=== Begin Enclosure ===

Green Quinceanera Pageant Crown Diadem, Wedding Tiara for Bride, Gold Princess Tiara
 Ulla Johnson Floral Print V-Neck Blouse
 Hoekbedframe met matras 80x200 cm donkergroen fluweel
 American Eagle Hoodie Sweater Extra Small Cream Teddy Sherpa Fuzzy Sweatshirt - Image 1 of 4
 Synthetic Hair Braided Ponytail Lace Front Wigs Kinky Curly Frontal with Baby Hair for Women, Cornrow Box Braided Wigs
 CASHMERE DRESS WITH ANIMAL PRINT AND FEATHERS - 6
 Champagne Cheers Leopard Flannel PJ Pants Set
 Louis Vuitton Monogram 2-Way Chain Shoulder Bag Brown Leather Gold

=== End Enclosure ===

Task details =
Please output the exact lines of the records above, beginning with the first and stopping after the line that holds "American Eagle Hoodie", and nothing else.

Output of the task =
Green Quinceanera Pageant Crown Diadem, Wedding Tiara for Bride, Gold Princess Tiara
 Ulla Johnson Floral Print V-Neck Blouse
 Hoekbedframe met matras 80x200 cm donkergroen fluweel
 American Eagle Hoodie Sweater Extra Small Cream Teddy Sherpa Fuzzy Sweatshirt - Image 1 of 4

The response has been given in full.